You are viewing a plain text version of this content. The canonical link for it is here.

Posted to dev@pirk.apache.org by Darin Johnson <db...@gmail.com> on 2016/09/29 00:50:34 UTC

Some Obversations while refactoring into submodules

Hey guys, started working on refactoring into submodules and noticed a few
things.

First the class DistributedTestSuite in org.apache.pirk.tests package is
directly calling SparkLauncher, which can be avoided using platform
(already a TODO).

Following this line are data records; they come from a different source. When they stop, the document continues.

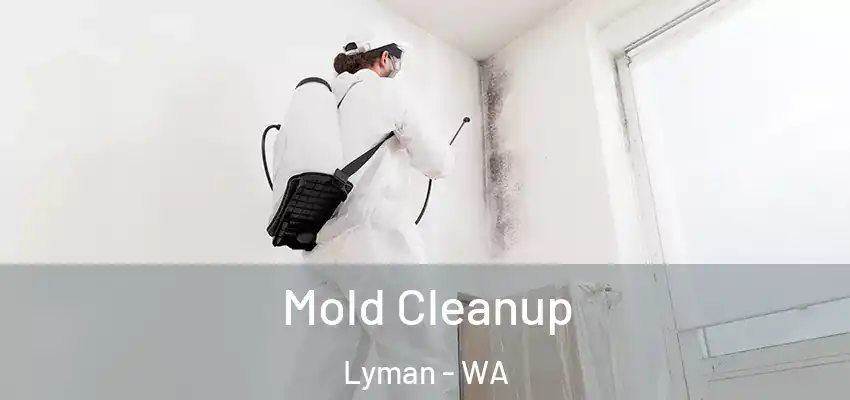  Mold Cleanup Lyman - WA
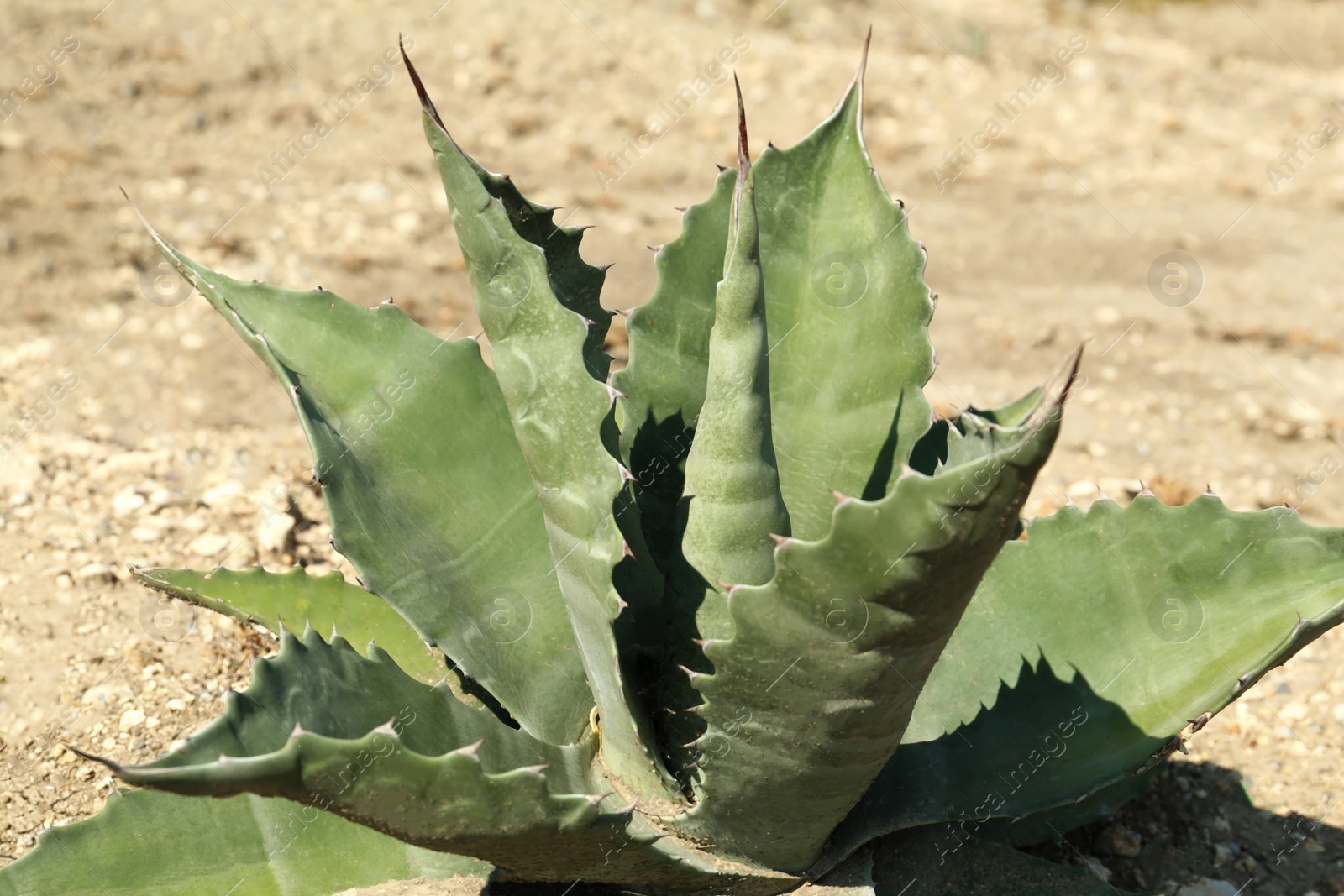 Photo of Beautiful Agave plant growing outdoors on sunny day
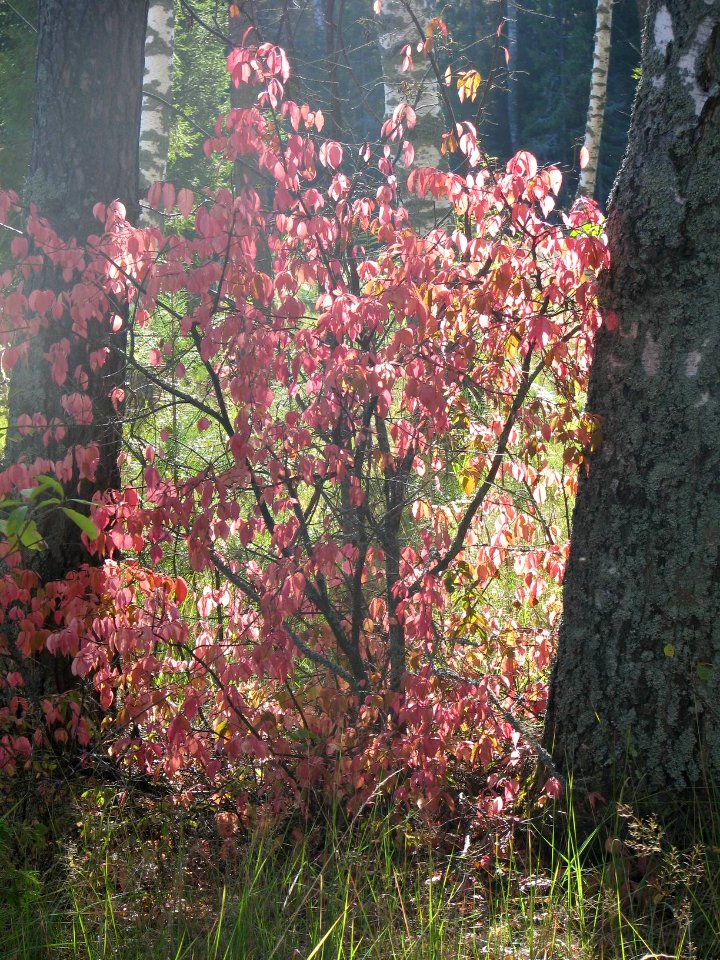Euonymus verrucosus 7130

This will be needed to break the spark responder out.  No
issues here' expected it.

Also noticed that DistributedTestSuite calls BaseTests.testDNSHostnameQuery
which in turn calls the static method performQuery in
DistTestSuite.performQuery so we've got a cyclic dependency.  I'm thinking
this should be refactored, which shouldn't be hard - most of the method are
static.

I figured I should solicit some thoughts on the best approach to going
about this before jumping in.  Comments welcome, especially as I haven't
written anything yet :).

My initial thoughts are the DistTestSuite should see what distributed
frameworks are available (via plugin) and then run those tests.  This will
likely require a setup helper for each framework though - the DistTestSuite
might then need to skip frameworks where the setup helper isn't found.  If
this seems to be the approach people would like I'll start stubbing it out
and get some opinions.

Darin

Re: Some Obversations while refactoring into submodules

Posted by Ellison Anne Williams <ea...@apache.org>.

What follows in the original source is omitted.